In the simulation of ship radiated noise, the bubble cluster noise is approximated as Gaussian noise [27]. The power spectrum analysis (Fourier transform) of propeller cavitation noise signal is performed with

$$R(f_n)=FFT(r(t)),$$

(7)

where $f_n=n{f}_s/N,n=0,1,\dots ,N-1$, $f_s$ is the sampling frequency, N is the number of sampling points of a signal. Approximating the modulation spectrum of the ship radiated noise as the power spectral density of the propeller noise signal, then

$$S(f_n)=20\lg \left|R(f_n)\right|-20\lg N,$$

(8)

The modulation spectrum of ship radiation noise consists of a line spectrum and a continuous spectrum [28], which is different from the power spectrum in that the line spectrum in the modulation spectrum has the harmonic relationship and group structure, in which the frequency corresponds to the fundamental line spectrum is the ship shaft frequency.

3. SSDAE-DRN Network

3.1. Theory of SSDAE

A denoising auto-encoder [29] (DAE) is a three-layer neural network consisting of an input layer, a hidden layer, and an output layer, and the flow of the DAE algorithm is shown in Figure 1. After adding noise to the original input x, the interference input $\tilde{x}$ is obtained, and the input feature expression h is obtained through the encoding function f_θ. Then h is mapped to the output layer through the decoding function g_θ to obtain the reconstructed data z of the input data.
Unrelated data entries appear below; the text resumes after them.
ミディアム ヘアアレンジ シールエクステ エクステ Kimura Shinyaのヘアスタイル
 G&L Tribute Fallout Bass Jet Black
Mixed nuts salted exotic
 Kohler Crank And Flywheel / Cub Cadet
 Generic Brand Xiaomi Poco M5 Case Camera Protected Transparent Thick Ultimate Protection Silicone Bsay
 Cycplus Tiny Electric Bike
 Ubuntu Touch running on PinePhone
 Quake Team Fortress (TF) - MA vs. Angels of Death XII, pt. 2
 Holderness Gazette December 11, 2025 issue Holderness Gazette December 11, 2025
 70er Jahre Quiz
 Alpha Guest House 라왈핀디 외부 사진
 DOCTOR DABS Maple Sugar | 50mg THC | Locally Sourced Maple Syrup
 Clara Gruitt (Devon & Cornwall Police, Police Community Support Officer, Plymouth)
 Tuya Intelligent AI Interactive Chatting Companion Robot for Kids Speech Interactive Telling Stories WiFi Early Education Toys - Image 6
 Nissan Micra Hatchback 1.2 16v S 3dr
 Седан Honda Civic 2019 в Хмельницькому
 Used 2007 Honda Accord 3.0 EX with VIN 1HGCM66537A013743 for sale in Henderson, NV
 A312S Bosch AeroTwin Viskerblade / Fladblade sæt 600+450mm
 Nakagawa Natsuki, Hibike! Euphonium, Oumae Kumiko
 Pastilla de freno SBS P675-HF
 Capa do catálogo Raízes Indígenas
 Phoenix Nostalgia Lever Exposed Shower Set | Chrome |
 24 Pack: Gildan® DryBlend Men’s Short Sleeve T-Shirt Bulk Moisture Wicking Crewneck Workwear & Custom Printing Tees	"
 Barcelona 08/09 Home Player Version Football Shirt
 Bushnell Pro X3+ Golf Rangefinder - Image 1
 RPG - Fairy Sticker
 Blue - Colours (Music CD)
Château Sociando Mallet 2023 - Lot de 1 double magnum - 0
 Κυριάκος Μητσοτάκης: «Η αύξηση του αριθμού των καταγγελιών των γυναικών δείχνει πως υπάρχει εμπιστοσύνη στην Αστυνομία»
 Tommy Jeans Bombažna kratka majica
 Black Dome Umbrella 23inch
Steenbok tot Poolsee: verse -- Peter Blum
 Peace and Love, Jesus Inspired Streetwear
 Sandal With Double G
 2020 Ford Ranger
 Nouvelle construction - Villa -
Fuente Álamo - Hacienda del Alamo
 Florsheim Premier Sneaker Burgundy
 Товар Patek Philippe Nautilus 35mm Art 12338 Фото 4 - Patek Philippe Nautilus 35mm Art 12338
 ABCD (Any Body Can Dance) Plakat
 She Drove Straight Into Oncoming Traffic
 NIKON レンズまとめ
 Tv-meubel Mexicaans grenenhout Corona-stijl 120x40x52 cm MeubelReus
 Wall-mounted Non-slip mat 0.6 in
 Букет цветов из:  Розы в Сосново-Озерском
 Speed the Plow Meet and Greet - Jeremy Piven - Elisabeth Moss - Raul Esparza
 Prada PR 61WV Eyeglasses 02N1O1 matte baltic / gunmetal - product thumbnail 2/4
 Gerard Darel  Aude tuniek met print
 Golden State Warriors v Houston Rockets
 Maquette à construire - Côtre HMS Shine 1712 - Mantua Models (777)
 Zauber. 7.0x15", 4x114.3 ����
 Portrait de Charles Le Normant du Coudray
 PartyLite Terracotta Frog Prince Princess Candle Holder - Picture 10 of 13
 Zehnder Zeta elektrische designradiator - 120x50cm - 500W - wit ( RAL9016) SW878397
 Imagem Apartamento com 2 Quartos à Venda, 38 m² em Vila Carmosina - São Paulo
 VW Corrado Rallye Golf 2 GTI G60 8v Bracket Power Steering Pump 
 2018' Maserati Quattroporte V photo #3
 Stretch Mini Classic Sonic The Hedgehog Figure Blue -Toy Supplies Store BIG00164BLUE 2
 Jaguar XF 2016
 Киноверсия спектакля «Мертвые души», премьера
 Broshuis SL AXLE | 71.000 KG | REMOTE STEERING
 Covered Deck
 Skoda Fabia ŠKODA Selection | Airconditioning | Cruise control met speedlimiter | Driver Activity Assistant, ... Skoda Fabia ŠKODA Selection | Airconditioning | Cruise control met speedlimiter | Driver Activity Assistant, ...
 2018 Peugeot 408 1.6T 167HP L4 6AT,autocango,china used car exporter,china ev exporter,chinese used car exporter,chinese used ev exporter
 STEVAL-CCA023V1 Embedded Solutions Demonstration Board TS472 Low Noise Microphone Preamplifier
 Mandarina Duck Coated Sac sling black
Therefore, the encoding process of DAE can be expressed as

$$h=f_{\theta }(\tilde{x})=\delta (w\tilde{x}+b),$$

(9)

where θ = (w,b) is the coding model parameter; w is the coding weight matrix, and b is the coding offset vector. The decoding process can be expressed as

$$z=g_{{\theta }^{\prime }}(y)=\delta (w^{\prime }h+b^{\prime }),$$

(10)

where ${\theta }^{\prime }=(w^{\prime },b^{\prime })$ is the decoding model parameter, $w^{\prime }$ is the decoding weight matrix, $b^{\prime }$ is the decoding offset vector, and $\delta$ is the nonlinear activation function. The reconstruction result z cannot accurately reproduce the input data x, for the training sample set $D={\left\{x^{(i)}\right\}}_{i=1}^N$, the cost function of DAE is

$$L_{DAE}(\theta )=\frac{1}{N}{\displaystyle \sum _{i=1}^N{\Vert z^{(i)}-x^{(i)}\Vert }_F^2}+\frac{\lambda }{2}\left(\Vert w{\Vert }_F^2+\Vert w^{\prime }{\Vert }_F^2\right),$$

(11)

where $\lambda$ is is the weight, and the over-fitting can be reduced by decreasing the weight. In addition, a penalty factor is added to the cost function to limit the activation degree of the neurons in the overall hidden layer, which can realize the high-dimensional sparse feature extraction of the input data. Therefore, the cost function of the sparse denoising auto-encoder (SDAE) is

$$L_{SDA}(\theta )=\frac{1}{N}{\displaystyle \sum _{i=1}^N{\Vert z^{(i)}-x^{(i)}\Vert }_F^2}+\frac{\lambda }{2}\left(\Vert w{\Vert }_F^2+{\Vert w^{\prime }\Vert }_F^2\right)+\beta {\displaystyle \sum _{j=1}^k\left(\rho \log \frac{\rho }{{\widehat{\rho }}_j}+(1-\rho )\log \frac{1-\rho }{1-{\widehat{\rho }}_j}\right)},$$

(12)

where $\rho$ is the sparsity parameter, $\beta$ is the weight of the control sparse constraint, and ${\widehat{\rho }}_j$ is the average activation of the input data corresponding to the jth node of the hidden layer [30].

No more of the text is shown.